I have been in engineering management and planning capacities several times in my career.
The purpose of planning is to match what you want to achieve with the resources it's going to take to get it done. I've seen many examples where failure to adequately consider resources caused projects to fail. Which results in a lot of discouragement for both the team and the company.
In reality, planning comes in three phases:
The long-term strategic plan or technology plan. This is usually a collaboration between Product Management, R&D, and engineering leadership. The desire is to have a "roadmap" of what technologies are possible with some sort of "desirability" score or "applicability" score for the technology. This often has some sort of R&D stage-gate evaluation process that seeks to answer key feasibility questions before increasing the amount of investment in that area. When technologies get through this process, they should be ready for commercialization through a project.

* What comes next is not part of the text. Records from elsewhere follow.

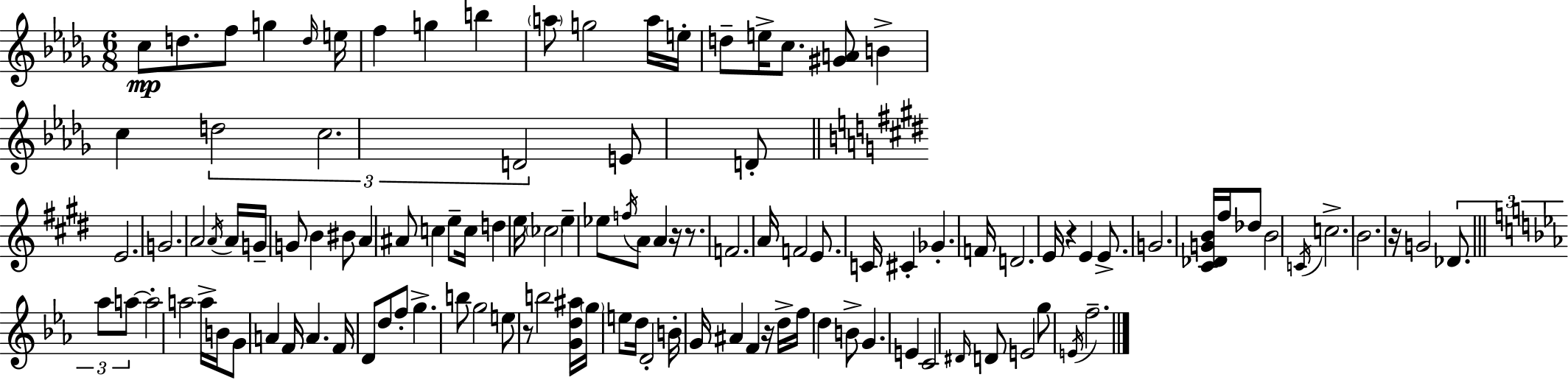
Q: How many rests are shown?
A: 6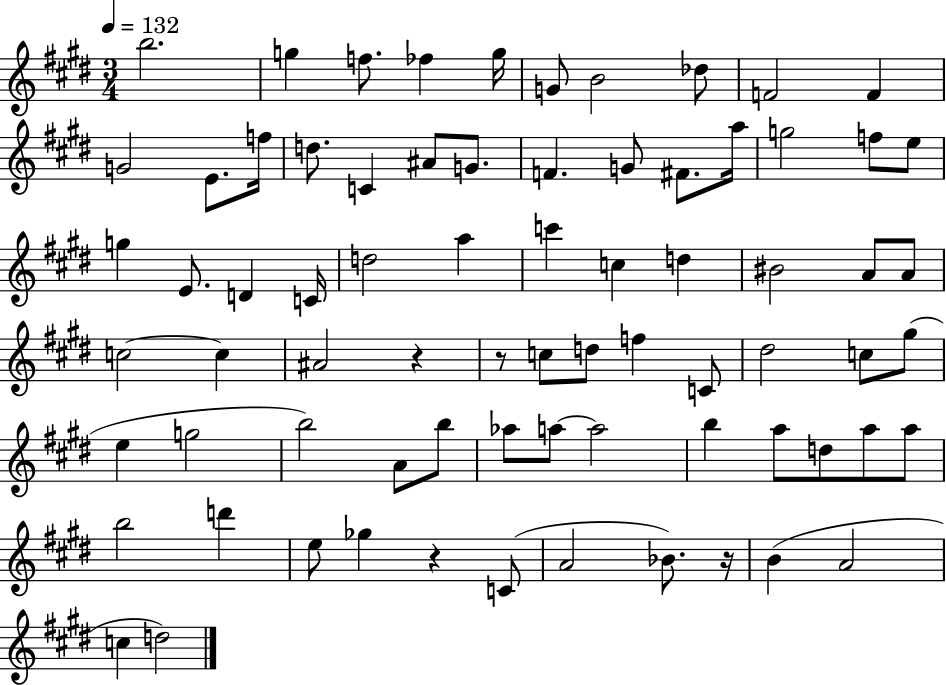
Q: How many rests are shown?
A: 4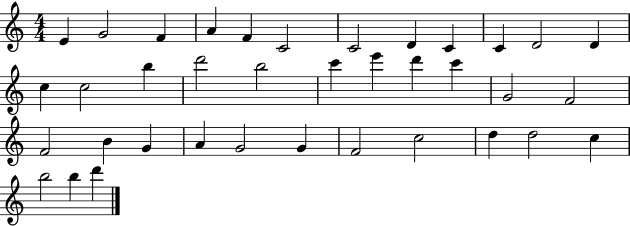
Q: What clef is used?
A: treble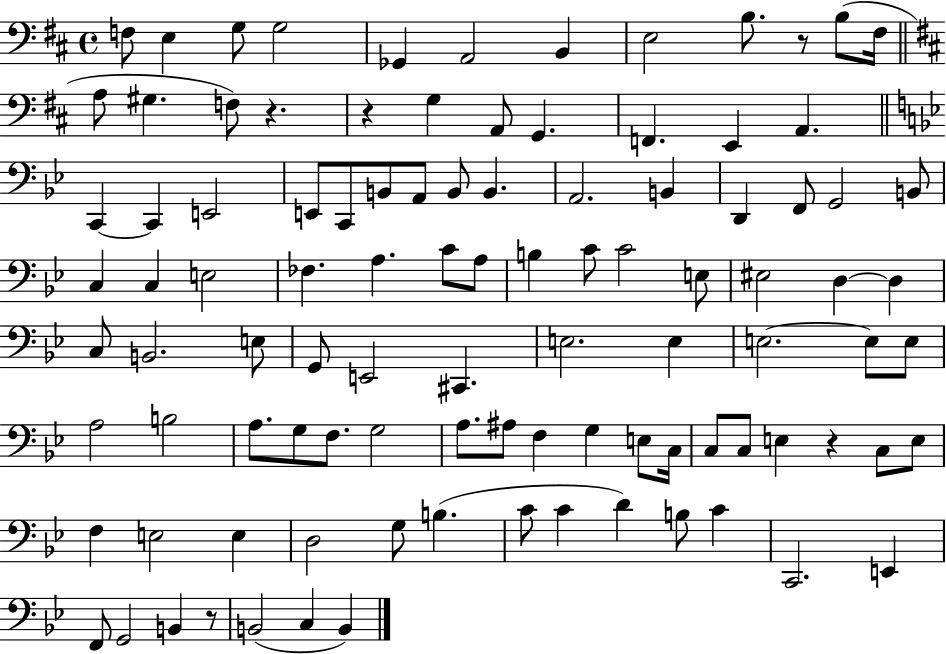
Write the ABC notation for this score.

X:1
T:Untitled
M:4/4
L:1/4
K:D
F,/2 E, G,/2 G,2 _G,, A,,2 B,, E,2 B,/2 z/2 B,/2 ^F,/4 A,/2 ^G, F,/2 z z G, A,,/2 G,, F,, E,, A,, C,, C,, E,,2 E,,/2 C,,/2 B,,/2 A,,/2 B,,/2 B,, A,,2 B,, D,, F,,/2 G,,2 B,,/2 C, C, E,2 _F, A, C/2 A,/2 B, C/2 C2 E,/2 ^E,2 D, D, C,/2 B,,2 E,/2 G,,/2 E,,2 ^C,, E,2 E, E,2 E,/2 E,/2 A,2 B,2 A,/2 G,/2 F,/2 G,2 A,/2 ^A,/2 F, G, E,/2 C,/4 C,/2 C,/2 E, z C,/2 E,/2 F, E,2 E, D,2 G,/2 B, C/2 C D B,/2 C C,,2 E,, F,,/2 G,,2 B,, z/2 B,,2 C, B,,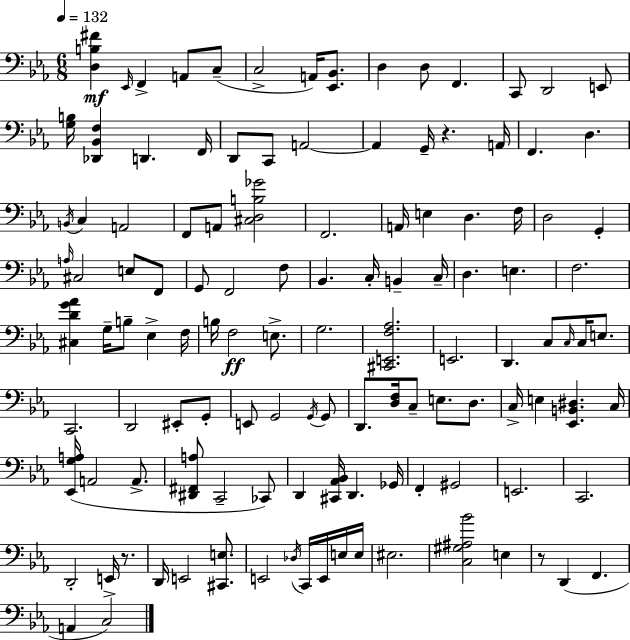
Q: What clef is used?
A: bass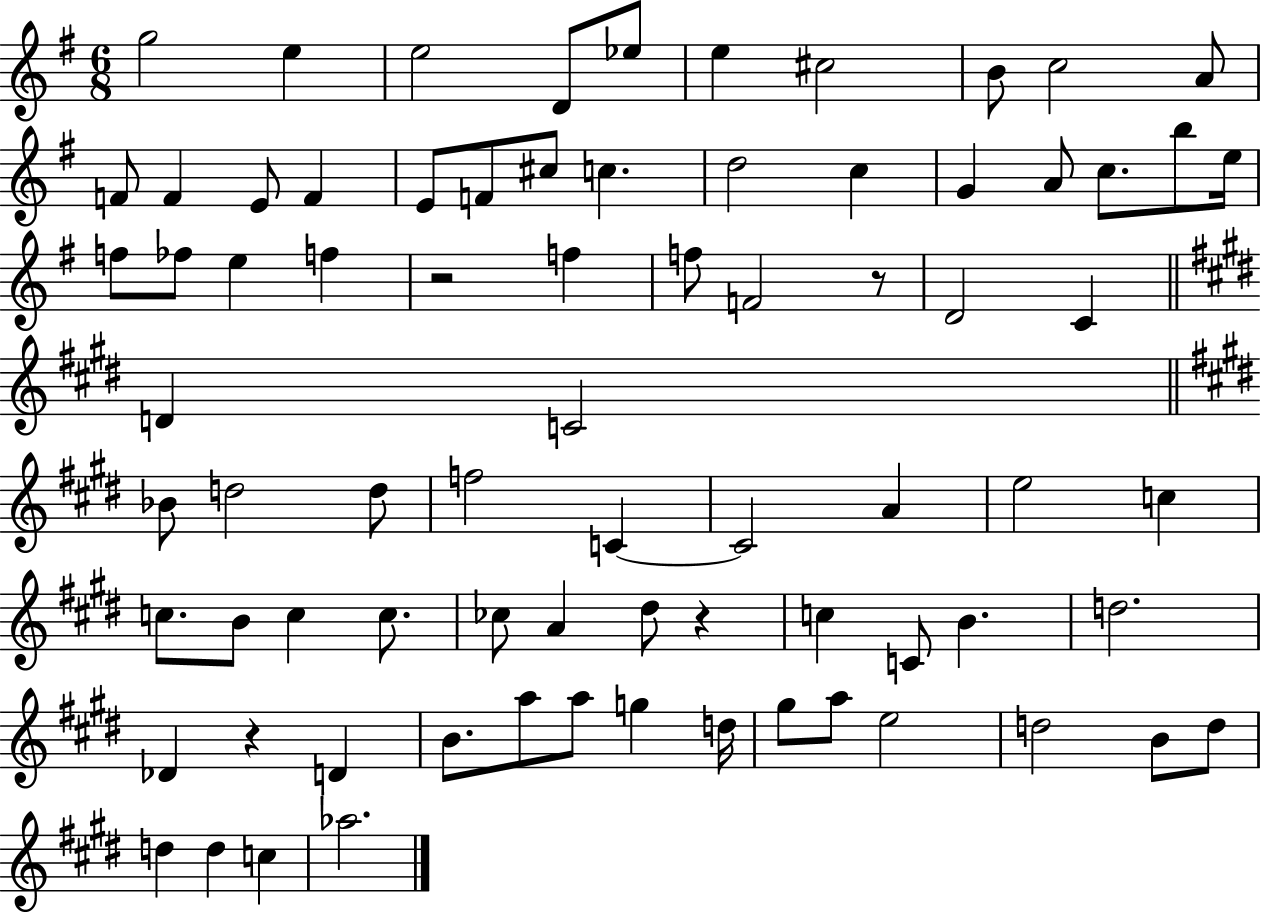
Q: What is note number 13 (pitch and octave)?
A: E4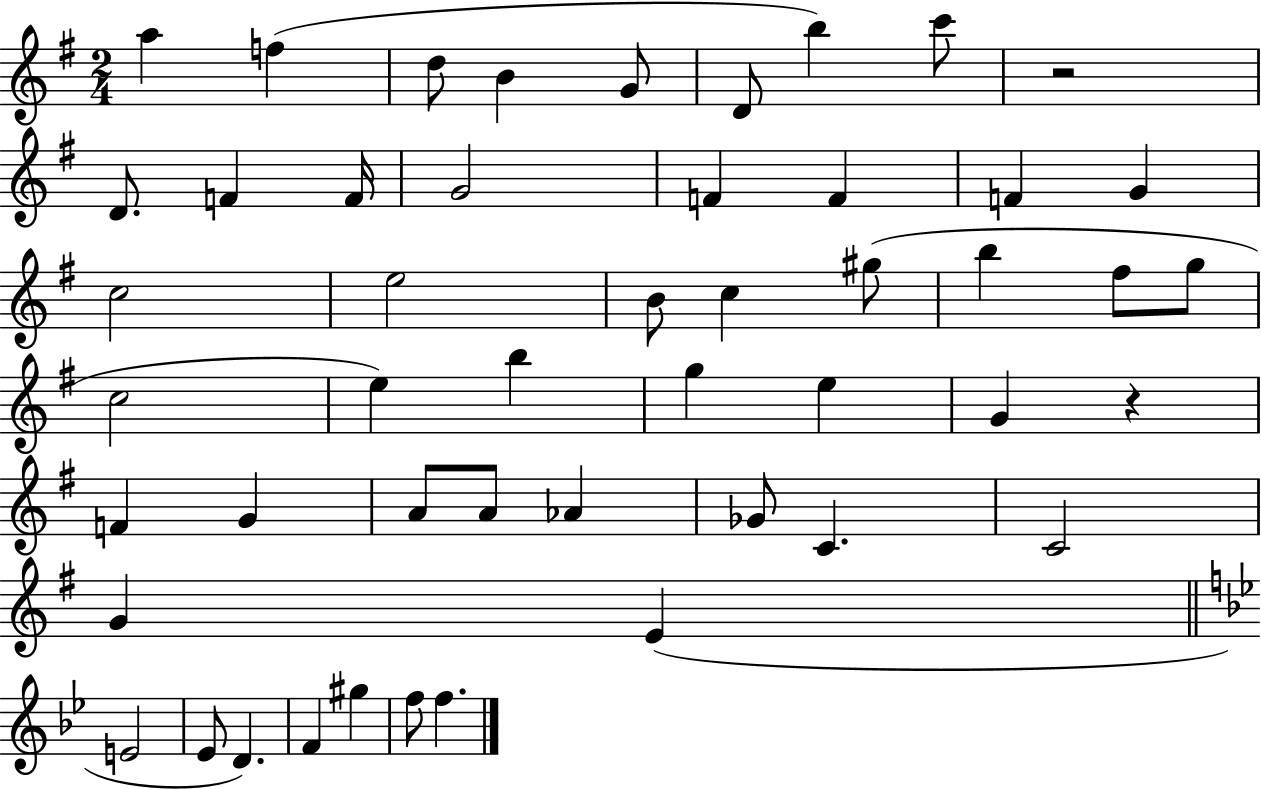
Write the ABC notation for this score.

X:1
T:Untitled
M:2/4
L:1/4
K:G
a f d/2 B G/2 D/2 b c'/2 z2 D/2 F F/4 G2 F F F G c2 e2 B/2 c ^g/2 b ^f/2 g/2 c2 e b g e G z F G A/2 A/2 _A _G/2 C C2 G E E2 _E/2 D F ^g f/2 f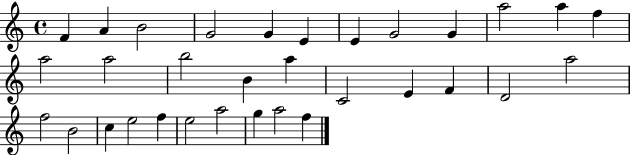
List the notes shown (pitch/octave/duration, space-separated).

F4/q A4/q B4/h G4/h G4/q E4/q E4/q G4/h G4/q A5/h A5/q F5/q A5/h A5/h B5/h B4/q A5/q C4/h E4/q F4/q D4/h A5/h F5/h B4/h C5/q E5/h F5/q E5/h A5/h G5/q A5/h F5/q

The project plan. This is the project that takes technology to market through design and commercialization. This will usually be kicked off by Product Management or Product Planning and handed off to Project Management. It's the plan to take feasible technologies from the R&D org to a commercially producible product. This will often span several years and have a cross-functional stage-gate process that ensures all of the operations, finance, marketing, engineering, service, sales, etc. functions are working in sync to launch the product.
The Annual Operating Plan. This is the next year's overall plan and budget for the business. Often it's led by finance, but it's always agreed to by senior leadership. This is the plan of how much money to spend, and resources to apply to each project in the project management list. Often there are significant prioritization trade-offs that have to happen here. There will be top priority projects that are considered the most important for the business, and there will be projects that are partially funded because they're not as important. In a mature organization, partially funded projects will have relaxed expectations on timing, scope, or quality.